9. The apparatus of claim 8, wherein the avatar generation module includes:

the facial gesture feature determination submodule is used for obtaining facial gesture features according to the voice features of the target voice data;

the gesture splitting characteristic determining submodule is used for performing characteristic splitting on the facial gesture characteristics to obtain a plurality of split gesture characteristics;

a facial parameter determination sub-module to determine facial parameters based on the plurality of pose split features; and

and the first avatar generation submodule is used for generating the avatar according to the facial parameters.

10. The apparatus of claim 9, wherein the facial parameter determination sub-module comprises:

a split feature correlation parameter determination unit, configured to determine a split feature correlation parameter based on the plurality of posture split features, where the split feature correlation parameter is used to characterize correlations between the plurality of posture split features; and

and the facial parameter determining unit is used for determining the facial parameters according to the split feature correlation parameters and the facial posture features.

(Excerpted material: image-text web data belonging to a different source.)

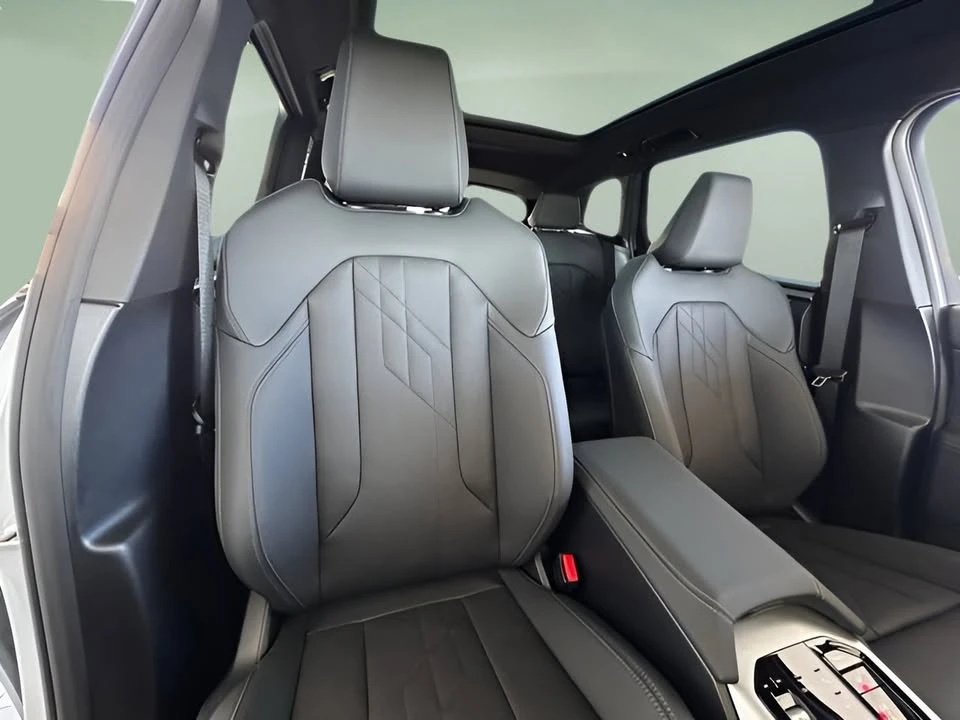2026 BMW G08 X3 - Image 9 of 10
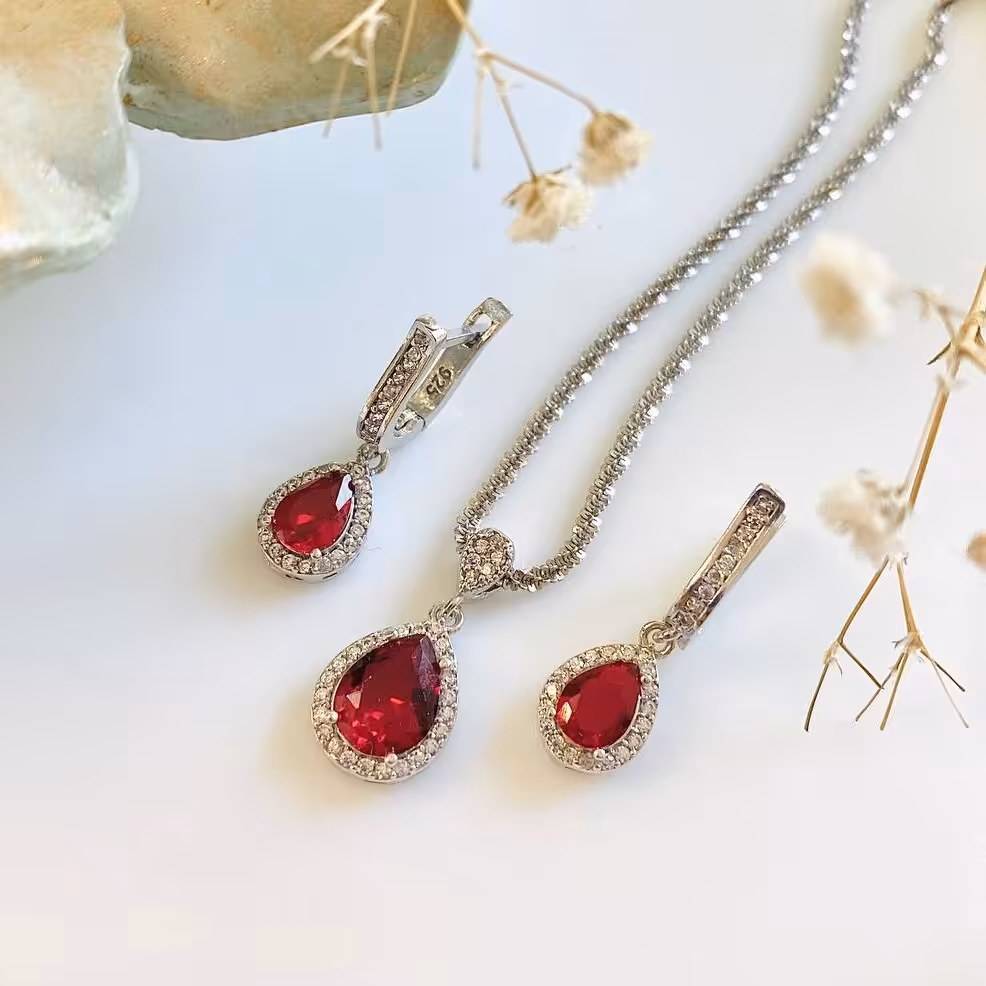 نیمست نقره زنانه با روکش طلا سفید مدل نگین اشک   کد 53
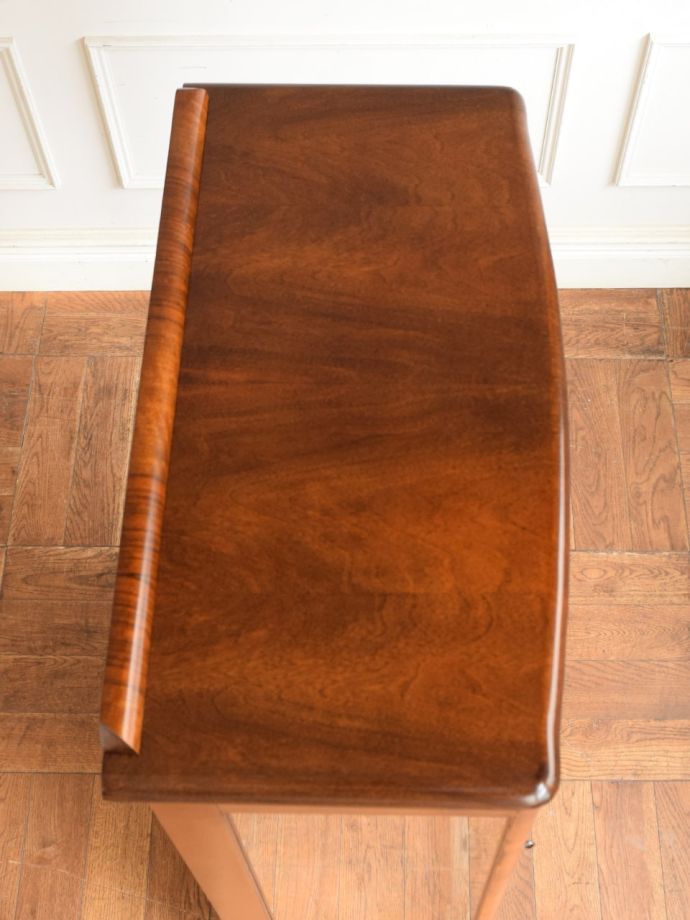 アンティークキャビネットの天板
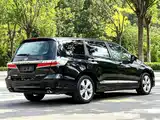 Фото 4 - Honda Odyssey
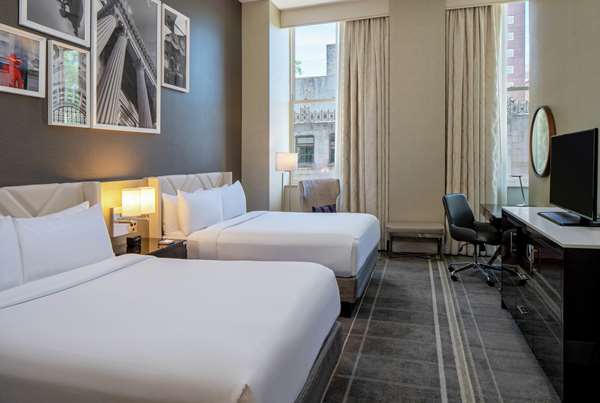  - Hilton Hotel Downtown Richmond - I-95, Exit 74C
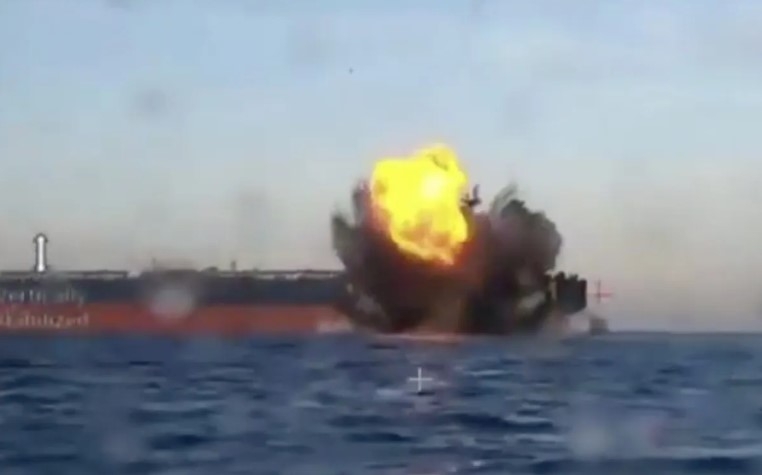 karadeniz-de-petrol-tanker-gemisi-boyle-vuruldusgzlnwz3zj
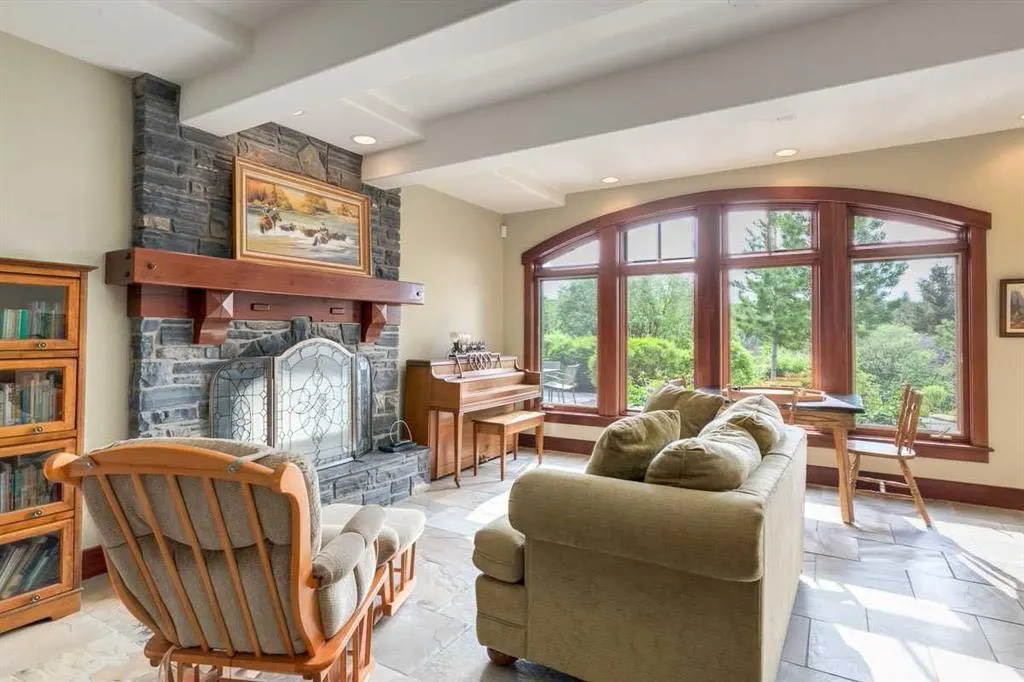 32 Wolfwillow Ridge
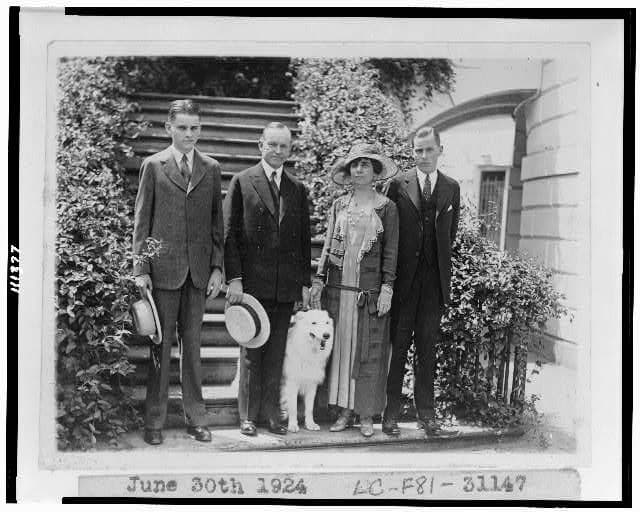 The family on June 30, 1924; Calvin Junior is standing on the left, next to the President. A little later, probably, he sustained the blister that would kill him a week later.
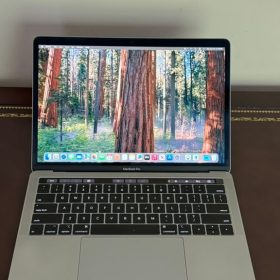 Apple MacBook Pro 13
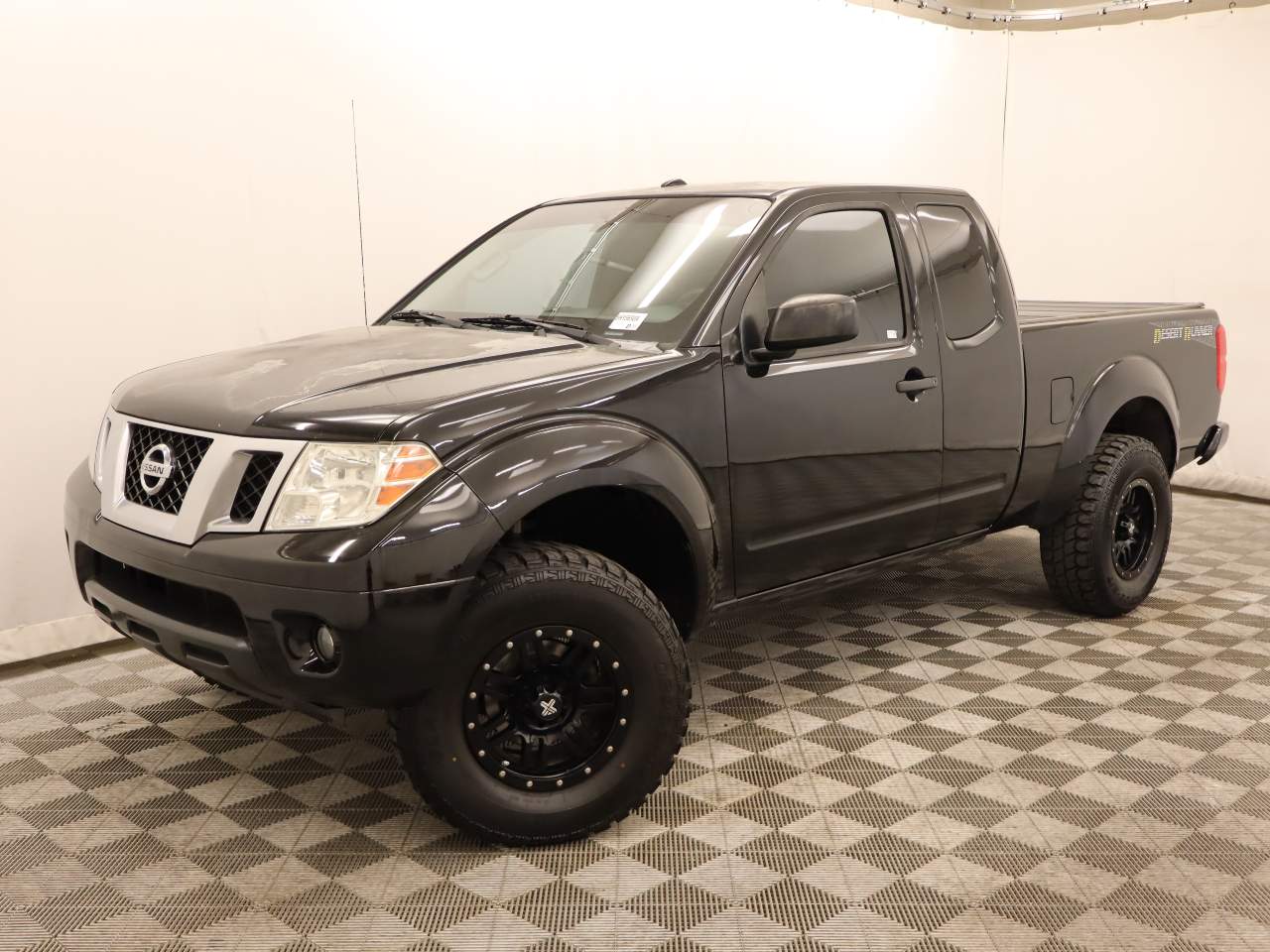 2014 Nissan Frontier Desert Runner Extended Cab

11. The apparatus of claim 9, wherein the facial pose feature determination sub-module comprises:

a phoneme feature determining unit, configured to obtain a phoneme feature according to the mel cepstrum coefficient, where the phoneme feature is used to characterize a pronunciation action unit; and

a facial pose feature determination unit for obtaining the facial pose features according to the phoneme features.

12. The apparatus of claim 9, wherein the avatar first generation submodule comprises:

an initial face model determination unit for obtaining an initial face model, wherein the initial face model is generated according to initial face parameters;

a target face module determining unit, configured to update initial face parameters of the initial face model according to the face parameters, and generate a target face model; and

an avatar determination unit for obtaining the avatar according to the target face model.

13. The apparatus of claim 8, the avatar determination module further comprising:

the target rhythm parameter determining submodule is used for determining a target rhythm parameter;

the rhythm adjusting submodule is used for adjusting the rhythm of the target voice data based on the target rhythm parameter to obtain the target voice data with the adjusted rhythm;

14. The apparatus of claim 13, wherein the target tempo parameter determination sub-module comprises:

15. An electronic device, comprising:

at least one processor; and

a memory communicatively coupled to the at least one processor; wherein, the first and the second end of the pipe are connected with each other,

the memory stores instructions executable by the at least one processor to enable the at least one processor to perform the method of any one of claims 1-7.

16. A non-transitory computer readable storage medium having stored thereon computer instructions for causing the computer to perform the method of any one of claims 1-7.

17. A computer program product comprising a computer program which, when executed by a processor, implements the method according to any one of claims 1-7.